Rayyan pun bingung, ia merasa ada yang ingin dikatakan Eun-mi tapi sepertinya masih ragu.
"Ehem..", David memecah kesunyian dan menyadarkan Rayyan dan juga Eun-mi dari lamunan mereka masing-masing.
"Oke, nanti aku urus", ucap Rayyan seraya mengangkat catatan pesanan tadi.
Dia segera kembali ke tempatnya semula sambil berusaha menghilangkan rasa canggung yang tadi sempat dia rasakan. Sedangkan Eun-mi hanya melangkah pelan kembali ke ruangannya.
"Kalau begini, bisa-bisa adonan jadi terlambat siapnya", ujar David menyinggung Rayyan.
Rayyan menatapnya dan merasa sedikit malu.
"Maaf", ucapnya tak enak.
David hanya mengangguk sambil tersenyum.
************
Menjelang siang hari, toko mulai terlihat lengang setelah sepanjang pagi ramai dikunjungi pelanggan. Asna akhirnya bisa duduk sejenak sambil memejamkan mata untuk menghilangkan penat kakinya yang terus-terusan dipakai berdiri.
"Bibi..", seorang balita menarik-narik ujung lengan bajunya, membuat Asna tersentak kaget.
Asna memandangnya. Kemudian melihat-lihat kemungkinan siapa orang tua dari pria kecil ini.
"Bibi..", panggilnya lagi.
Asna kemudian meluruskan duduknya.
"Ada apa?", tanya Asna pelan.
Anak itu tersenyum karena akhirnya mendapat tanggapan dari Asna.
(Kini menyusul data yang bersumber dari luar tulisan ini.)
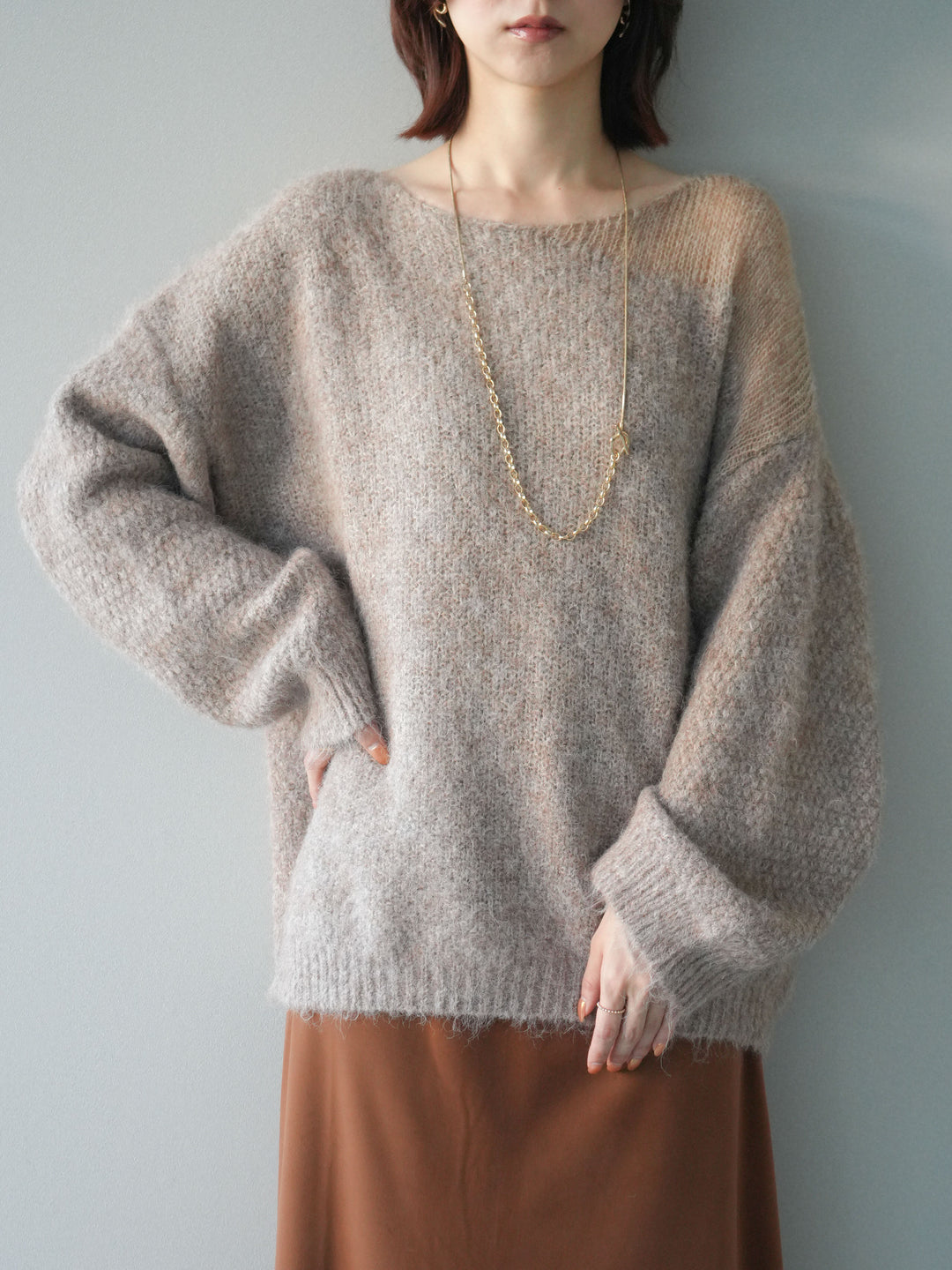 [SET]透かしデザインニットプルオーバー+ベルベットナロースカート(2set)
"Apa di sini bisa memesan kue ulang tahun?", tanyanya dengan ucapan yang masih terdengar cadel.
Asna tak bisa mengabaikan yang satu ini. Tak tega.
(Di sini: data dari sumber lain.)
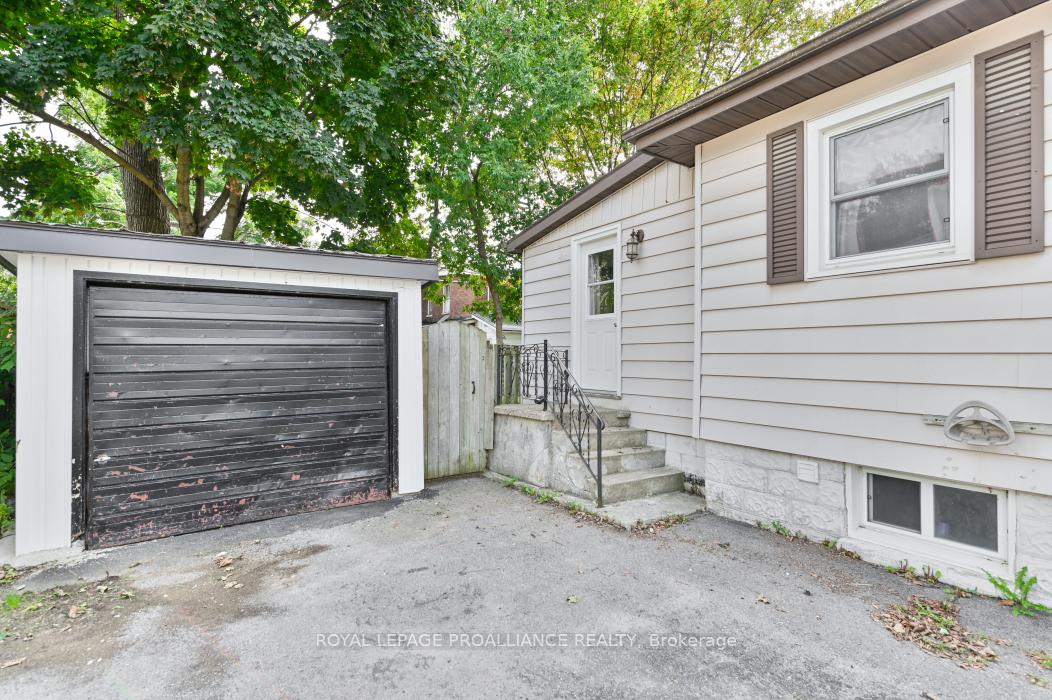 Photo 21 of Unit B, 21 Burton Street, Belleville, Belleville Ward — HOMEH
"Tentu saja. Kau bisa minta tolong ibumu untuk mengurusnya", jawab Asna.
"Ayahku saja. Aku tak punya ibu", anak itu menyahut dengan raut biasa.
Tapi sungguh hati Asna yang luluh. Rasa iba tiba-tiba menghampirinya. Anak ini kehilangan ibunya di usianya yang masih sangat dini.
"Kalau begitu, ayahmu juga boleh", ucap Asna sambil mengelus kepala anak itu dengan mata yang berkaca-kaca.
"Dae-ho! Oh, syukurlah..", seorang pria langsung memeluk dan menggendong anak itu.
Dan setelah melihat Asna, ia malah terkejut bukan main.
"Maaf", ucap pria itu seraya membungkuk, yang tak lain adalah In-ho.
Asna sendiri mau tak mau merasa kaget melihatnya.
"Ayah, bibi itu bilang di toko ini bisa memesan kue ulang tahun. Aku ingin ayah memesannya untukku", pinta anak itu.
Setelah sekian lama, hari ini raut wajah Asna terlihat berubah. Ayah?